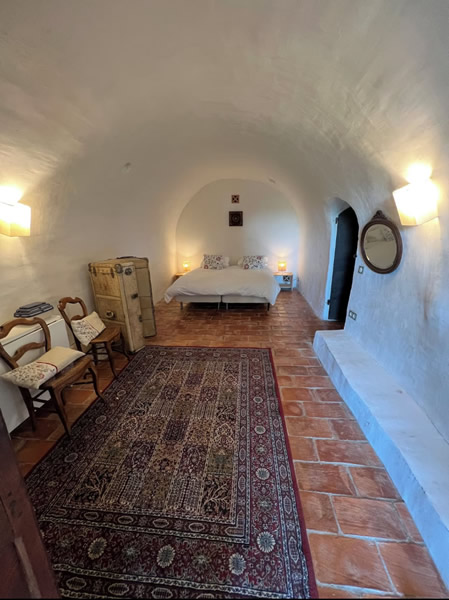 From the living area, you wind down the stairs into the lower level of the house. Along the way, you pass the original stone wall of the house.  Here you enter Bedroom 3.  This is the original caved room of the house dating back to the birth of the village.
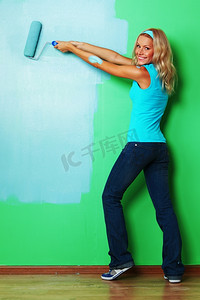 一名女子在墙面上画滚筒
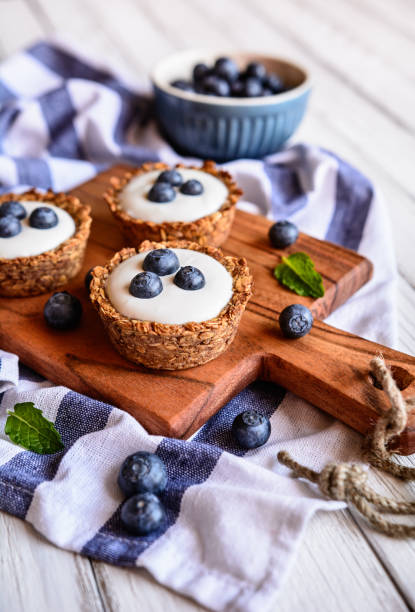 istock Granola cups filled with yoghurt and blueberry 697982150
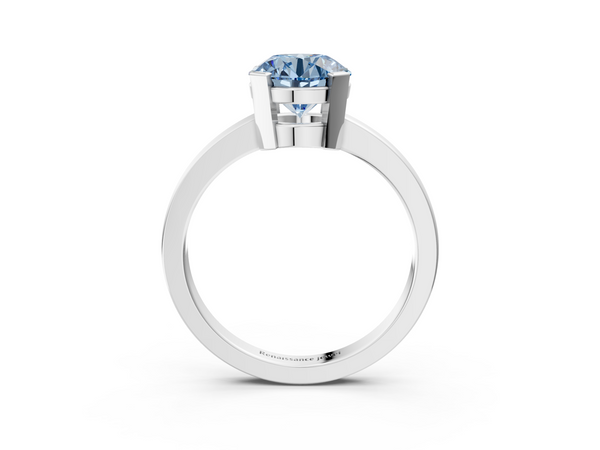 White gold Fancy Blue Round  Cut Solitaire Ring with Four-Prong Setting and Classic Band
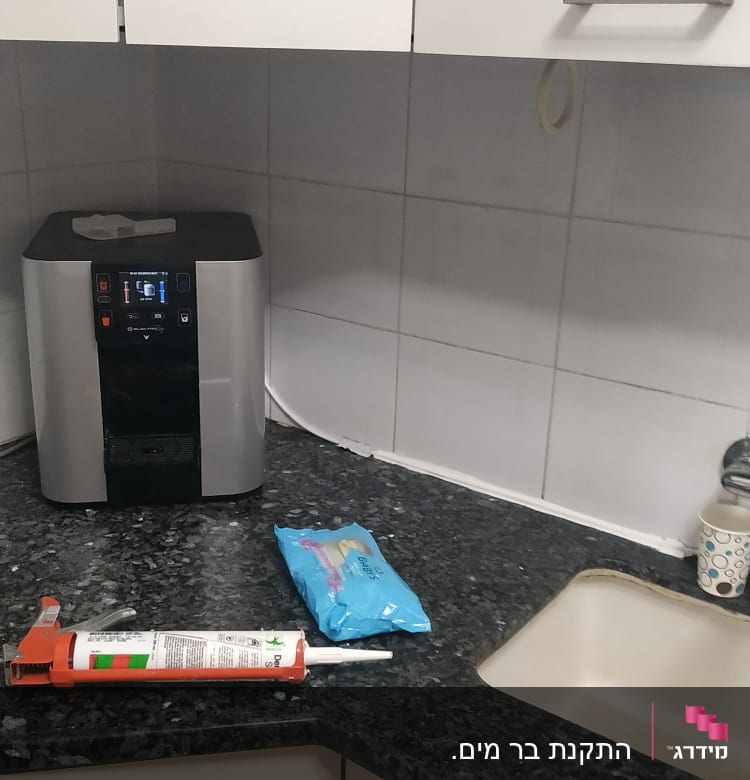 אקדח סיליקון על השיש במטבח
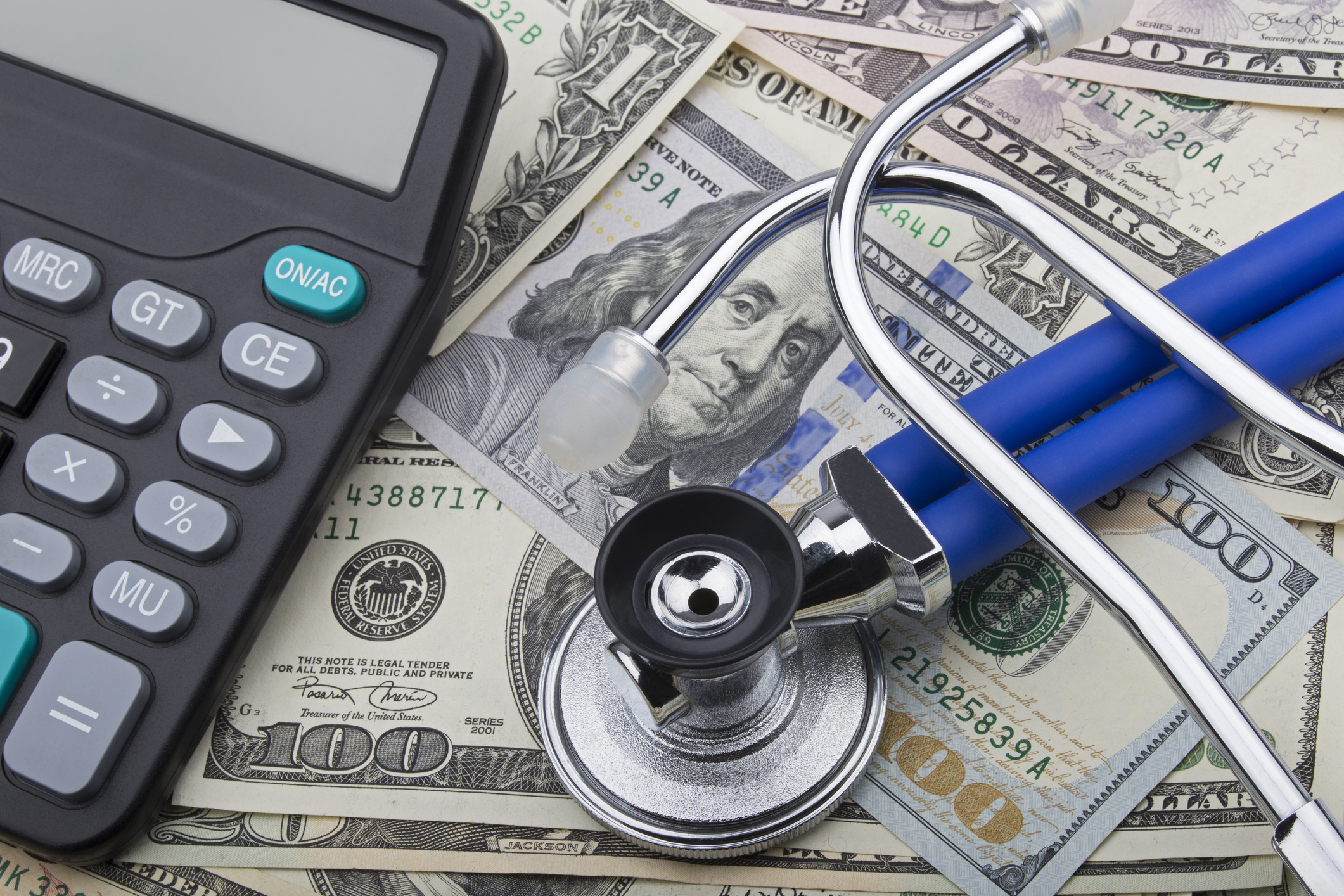 A calculator and a stethoscope on a pile of cash.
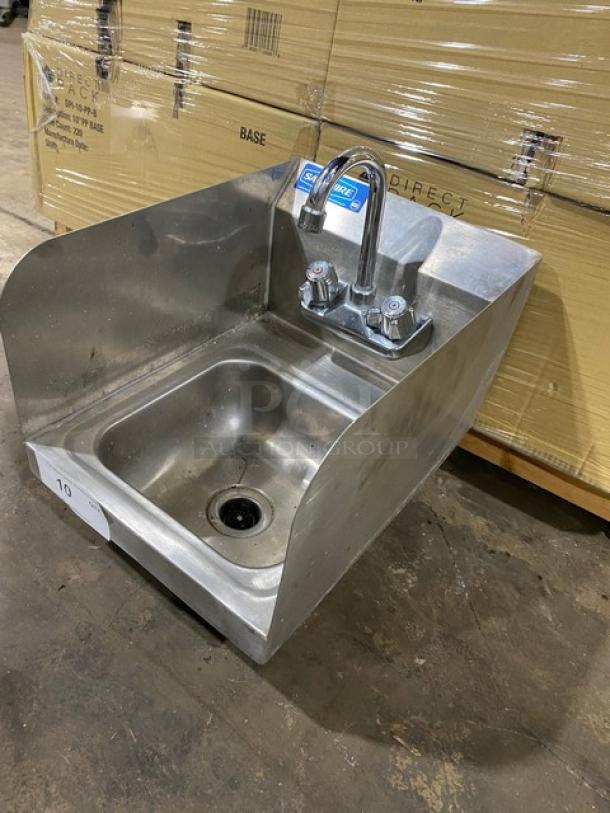 Stainless steel wall-mounted hand sink with gooseneck faucet, good condition, model tag visible, numbered tag "10" attached.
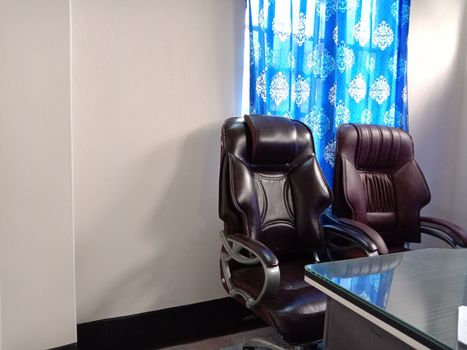 chocolate colored chair stock and wooden table in hall room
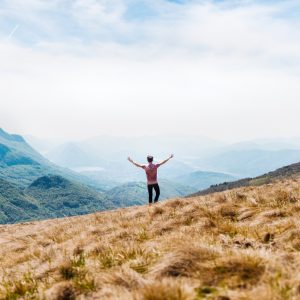 Eine Person steht mit erhobenen Armen auf einem grasbewachsenen Hügel und blickt auf eine weite Landschaft mit grünen Bergen und Tälern unter einem teilweise bewölkten Himmel.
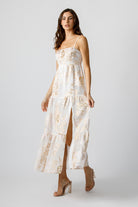 Woman wearing a white floral dress with a slit on a white background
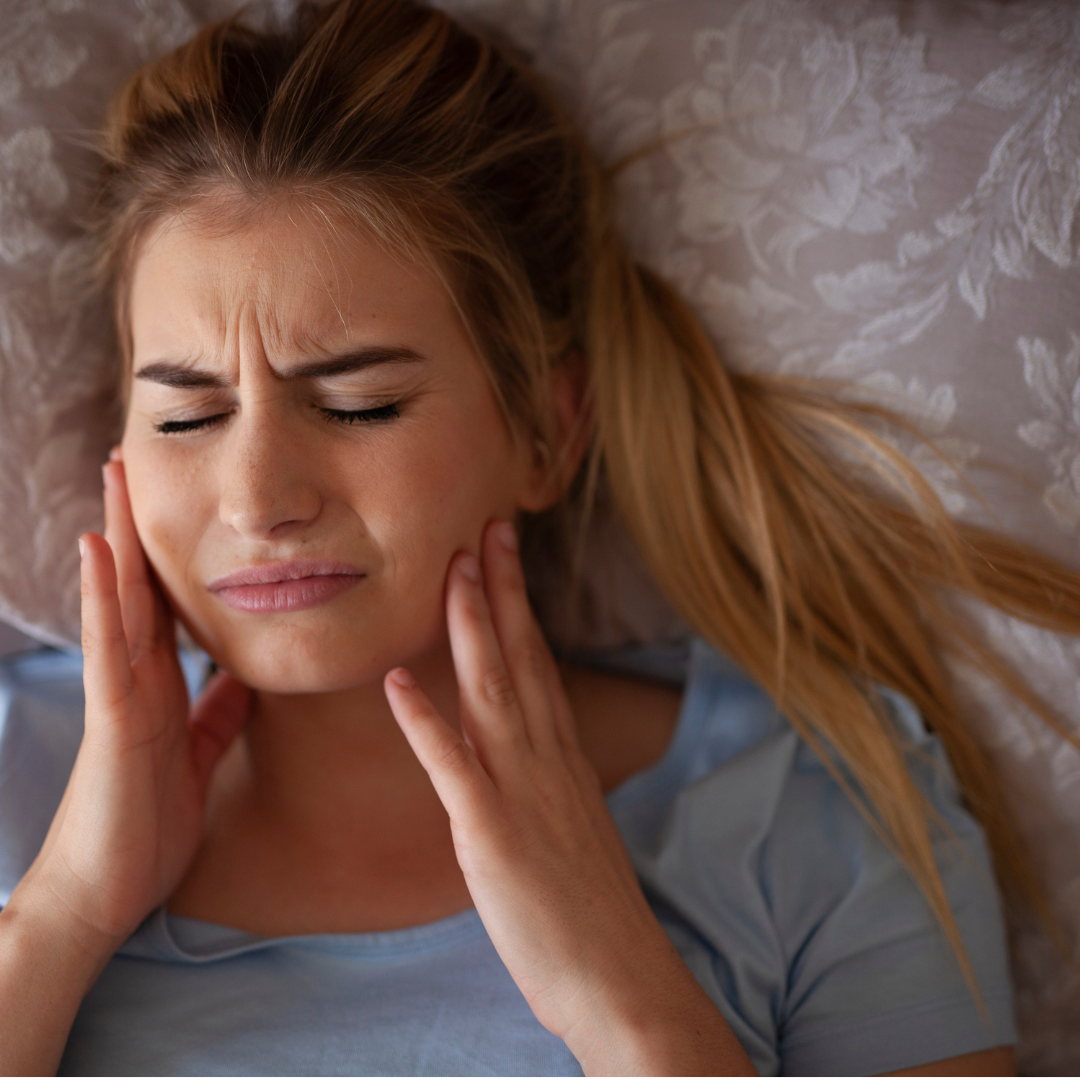 a girl with TMJ pain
+===+
- _WHAT TO DO_
With the pictures removed, print the entries above exactly.

- _RESPONSE_
 From the living area, you wind down the stairs into the lower level of the house. Along the way, you pass the original stone wall of the house.  Here you enter Bedroom 3.  This is the original caved room of the house dating back to the birth of the village.
 一名女子在墙面上画滚筒
 istock Granola cups filled with yoghurt and blueberry 697982150
 White gold Fancy Blue Round  Cut Solitaire Ring with Four-Prong Setting and Classic Band
 אקדח סיליקון על השיש במטבח
 A calculator and a stethoscope on a pile of cash.
 Stainless steel wall-mounted hand sink with gooseneck faucet, good condition, model tag visible, numbered tag "10" attached.
 chocolate colored chair stock and wooden table in hall room
 Eine Person steht mit erhobenen Armen auf einem grasbewachsenen Hügel und blickt auf eine weite Landschaft mit grünen Bergen und Tälern unter einem teilweise bewölkten Himmel.
 Woman wearing a white floral dress with a slit on a white background
 a girl with TMJ pain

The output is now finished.